↓
 ↑
Регистрация
Имя/email

Пароль

 
Войти при помощи
Размер шрифта
14px
Ширина текста
100%
Выравнивание
     
Цвет текста
Цвет фона

Показывать иллюстрации
  • Большие
  • Маленькие
  • Без иллюстраций

Пастух и пастушка (джен)



Автор:
Фандом:
Рейтинг:
PG-13
Жанр:
Драма, Общий
Размер:
Мини | 46 743 знака
Статус:
Закончен
 
Проверено на грамотность
История одной встречи в провинциальной гостинице.
QRCode
↓ Содержание ↓

↑ Свернуть ↑
  Следующая глава

Глава 1

А здесь мало что изменилось. Разве что светильники — вычурные лилии матового стекла вместо слащавых бронзовых ангелочков со свечами в пухлых кулачках. Да дорожки — теперь они цвета болотного мха с тускло серебрящимися краями, словно новый хозяин прилежно чтит слизеринские традиции.

Нет, конечно нет. "Золотой фазан" до сих пор магловская гостиница, как в те годы, воспоминания о которых так же ярки, как прежние алые дорожки. Почтенное заведение, сменившее свечи на электричество, но и теперь, как раньше, добропорядочных старцев здесь, верно, встречают гораздо приветливей, чем ветреных юнцов. Он улыбается, вспомнив, как хмурился им вслед портье, когда они взбегали на второй этаж, на бегу с хохотом срывая промокшие плащи, и как однажды ключ заело и Геллерт, не таясь, выкрикнул заклинание, втянул его за собой и стер негодование быстрым горячим поцелуем. Да, вот сюда, в эту комнату. А ему сейчас в соседнюю. Но сначала надо бы поздороваться со старым знакомым.

Он осторожно проводит высохшим пальцем по гладким перьям, блеснувшим в тускловатом свете плафона, серьезно вглядывается в темные немигающие бусинки. Здравствуй, бедная жертва магловской пули, ты еще помнишь двух юнцов, воображавших себя поэтами и слагавших пространные дурашливые оды твоей нетленной красе? А ты до сих пор красив, куда как краше двух старых чучел, доживающих свой век слишком далеко друг от друга и от разлучивших их юношеских безумств. Впрочем, почтенным старцам тоже свойственны безумные мальчишеские порывы, что бы об этом ни думало новое поколение портье в магловских гостиницах.

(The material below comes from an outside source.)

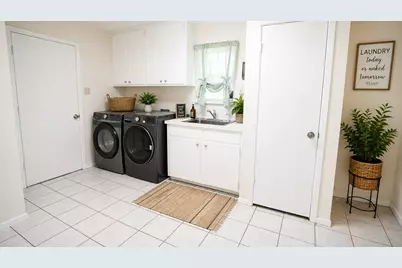 [Address not provided], Keene, TX 76059 - Photo 10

Тихонько рассмеявшись, он убирает руку, на прощание еще раз пощекотав гладкие перышки. Странная нерешительность, он давно такого за собой не замечал. Разве ему не хочется увидеть того, кто, должно быть, уже извелся в ожидании — за дверью, в которую он никак не войдет, слышны шорохи, скрип и неразборчивое бормотание. Должно быть, клянет Англию с ее сыростью, провинциальные гостиницы с их скрипучими полами и Альбуса Дамблдора с его непунктуальностью. Посмеиваясь, он кладет ладонь на дверную ручку, отгоняя новый приступ сентиментальности. Эта ручка их не помнит, они касались соседней. Сплетаясь пальцами, отпихивали друг друга — каждый рвался войти первым, а потом столкновение превращалось в церемонный фарс: "О прекрасная дама... Только после вас..."

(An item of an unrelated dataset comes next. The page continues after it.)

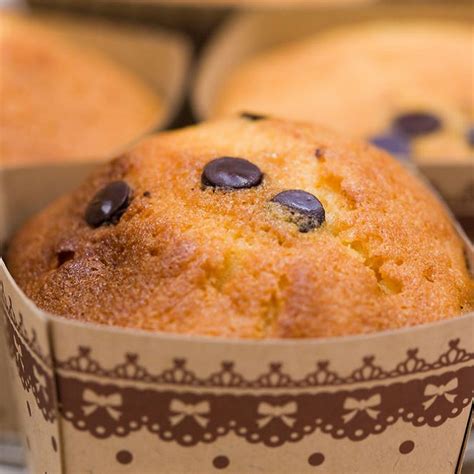 Recettes De Financiers Qui Font R Ver Cuisine Az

Последние полгода твоей прекрасной даме приходится открывать двери левой рукой, и без палочки это не слишком-то удобно. Впрочем, ты, должно быть, вообще забыл, как это делается, с палочкой и без... Но меня ты забыть не смог. Знает ли об этом мальчик?

Без магии действительно неловко, поэтому, быстро оглянувшись и подмигнув нелюбопытному чучелу, — не выдашь меня, приятель? — он достает палочку из внутреннего кармана непривычно узкого магловского плаща — хотя одеяние удобное, грех жаловаться, — и не прячет, когда дверь открывается с предсказуемым скрипом. И так же, как этот унылый скрип, предсказуема унылая безнадежная зависть в прозрачных голубых глазах того, кто поднимается навстречу из низкого кресла.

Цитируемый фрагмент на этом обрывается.